### Records for this exercise
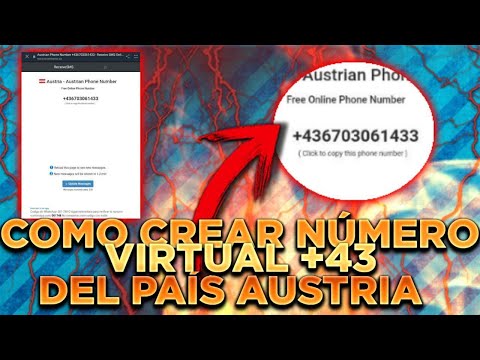 COMO CREAR NÚMERO VIRTUAL +43 DEL PAÍS AUSTRIA🔥🤯😱(LEER DESCRIPCIÓN)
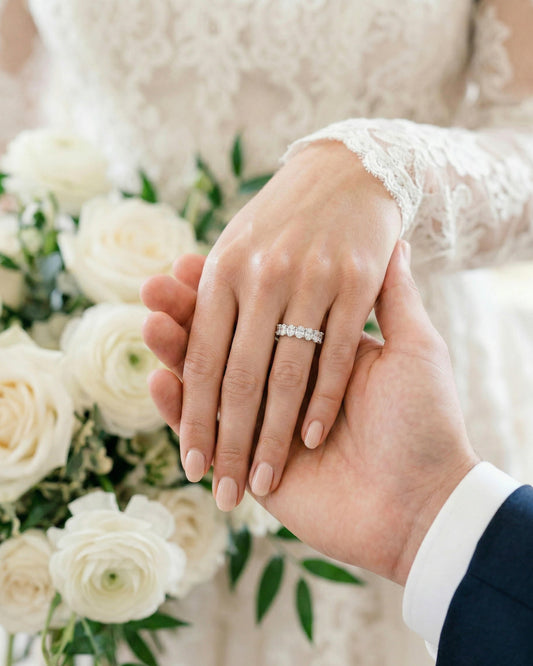 Astra Oval Eternity Ring
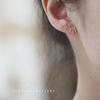 Pendientes de plata de ley 925 con diseño del Árbol de la Vida, chapados en oro de 14 quilates, con circonitas brillantes y una planta, bonitos pendientes pequeños para estudiantes.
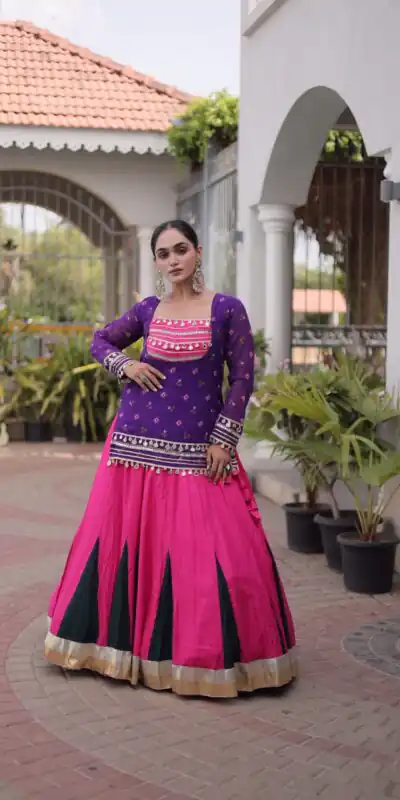 KA 5076 Purple Rayon Embroidery Work & Cowrie Work Lehenga Choli . Grab it for ₹2749. Delivery 4-6 Working Days. Shop now. | Lehenga, Bollywood Lehenga, Creative Lehenga, Designer Lehenga, Embroidered Lehenga, Party Wear Lehenga
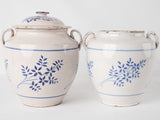 2 blue & white pots - Martres-Toulosane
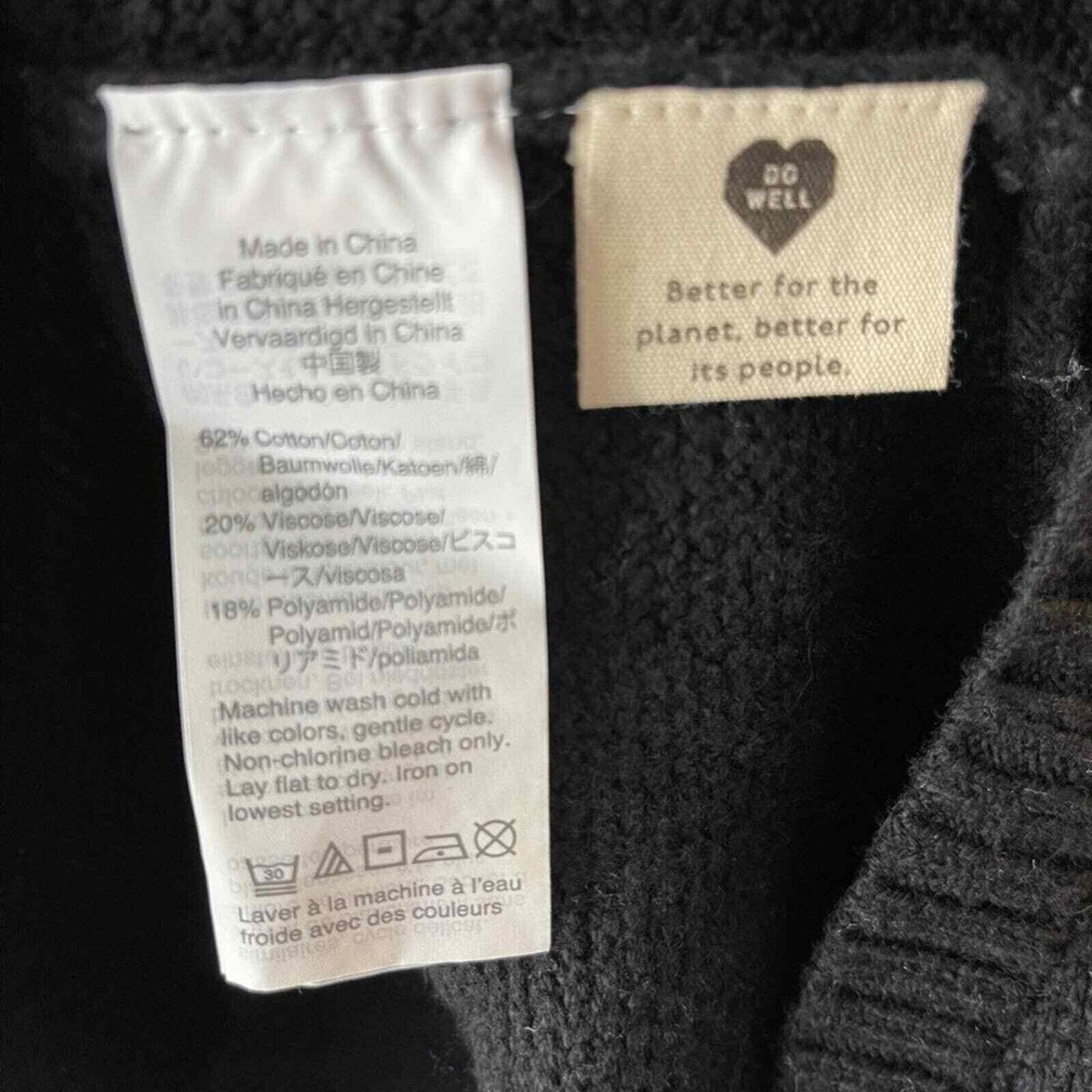 Madewell Women's Black Chronicle Texture Pullover Sweater eXTRA Small NEW XS
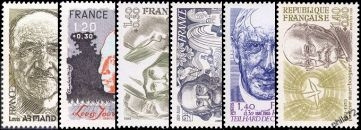 Série célébrités - 6 timbres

### What you will do
Make a word-for-word copy of the entries, without any pictures.

### Final answer
 COMO CREAR NÚMERO VIRTUAL +43 DEL PAÍS AUSTRIA🔥🤯😱(LEER DESCRIPCIÓN)
 Astra Oval Eternity Ring
 Pendientes de plata de ley 925 con diseño del Árbol de la Vida, chapados en oro de 14 quilates, con circonitas brillantes y una planta, bonitos pendientes pequeños para estudiantes.
 KA 5076 Purple Rayon Embroidery Work & Cowrie Work Lehenga Choli . Grab it for ₹2749. Delivery 4-6 Working Days. Shop now. | Lehenga, Bollywood Lehenga, Creative Lehenga, Designer Lehenga, Embroidered Lehenga, Party Wear Lehenga
 2 blue & white pots - Martres-Toulosane
 Madewell Women's Black Chronicle Texture Pullover Sweater eXTRA Small NEW XS
 Série célébrités - 6 timbres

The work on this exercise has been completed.